Protection de l'enfance - Mineurs isolés étrangers : le fonds de financement de la protection de l'enfance mis à contribution
Un décret du 18 août 2015 procède à une nouvelle répartition des dépenses du fonds national de financement de la protection de l'enfance, mis en place par la loi du 5 mars 2007 réformant la protection de l'enfance. L'objet du fonds - dont les débuts ont été très laborieux, puisqu'il a fallu attendre trois ans pour le décret d'application - est "de compenser les charges résultant pour les départements de la mise en oeuvre de la présente loi selon des critères nationaux et des modalités fixés par décret et de favoriser des actions entrant dans le cadre de la réforme de la protection de l'enfance et définies par voie conventionnelle entre le fonds et ses bénéficiaires".
Une sous-enveloppe dédiée au financement des MIE
En l'occurrence, le décret du 18 août 2015 touche au sujet le plus sensible dans les relations entre l'Etat et les départements en matière de protection de l'enfance : la prise en charge des MIE, ou mineurs isolés étrangers (voir nos articles ci-contre). Depuis le décret du 17 mai 2010 mettant en place le fonds, celui-ci comprend deux enveloppes distinctes. La première regroupe les crédits destinés à compenser les charges résultant pour les départements de la mise en œuvre de la loi de 2007. La seconde comprend les crédits de soutien aux actions entrant dans le cadre de la réforme de la protection de l'enfance, y compris celles à caractère expérimental (aide à la parentalité, aide à la protection des enfants vivant dans la précarité économique...).

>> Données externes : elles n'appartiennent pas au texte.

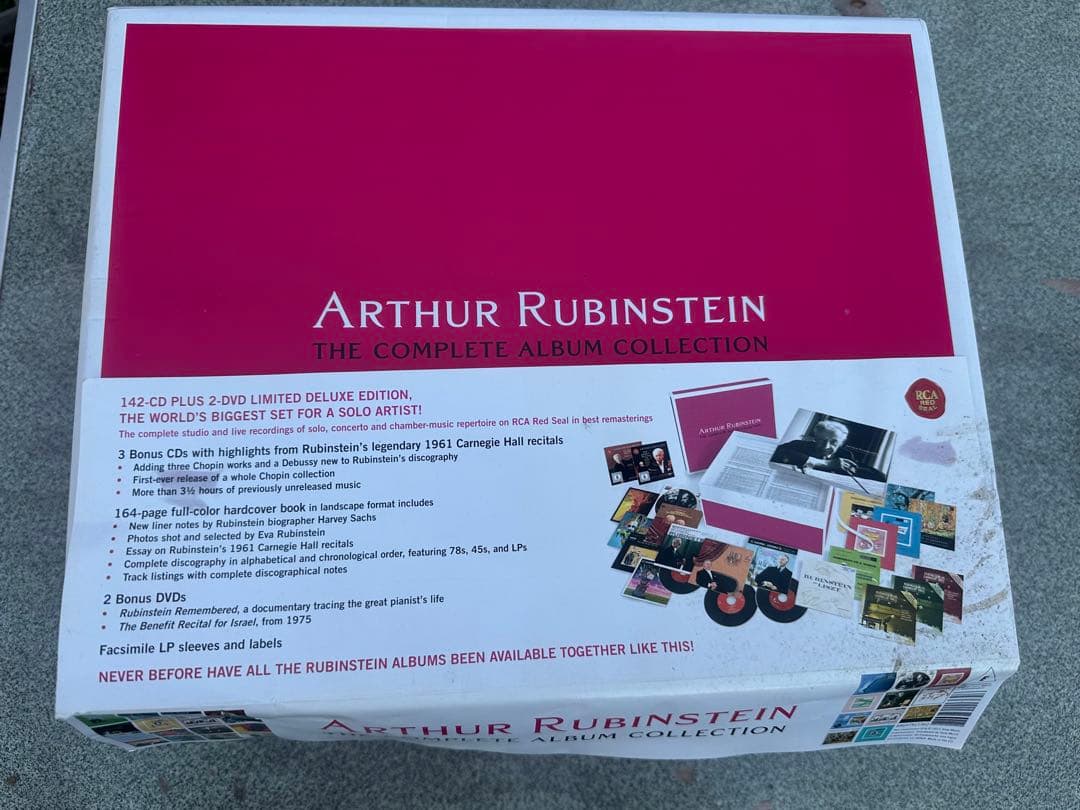 ルービンシュタイン　コンプリート・アルバム・コレクション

Le décret du 18 août 2015 introduit une nouvelle subdivision en éclatant la première enveloppe en deux sous-enveloppes. La première comprend désormais "les crédits destinés à être versés sous forme de dotations à l'ensemble des départements". La seconde - qui correspond à l'innovation apportée par le décret - regroupe "des crédits spécifiquement dédiés au remboursement des dépenses engagées par les départements dans le cadre du financement de la phase de mise à l'abri, d'évaluation et d'orientation des enfants sans représentant légal sur le territoire français".
Il appartiendra au comité de gestion du fonds de décider de la répartition entre les deux sous-enveloppes et de fixer les modalités de remboursement des dépenses engagées au titre de la seconde sous-enveloppe.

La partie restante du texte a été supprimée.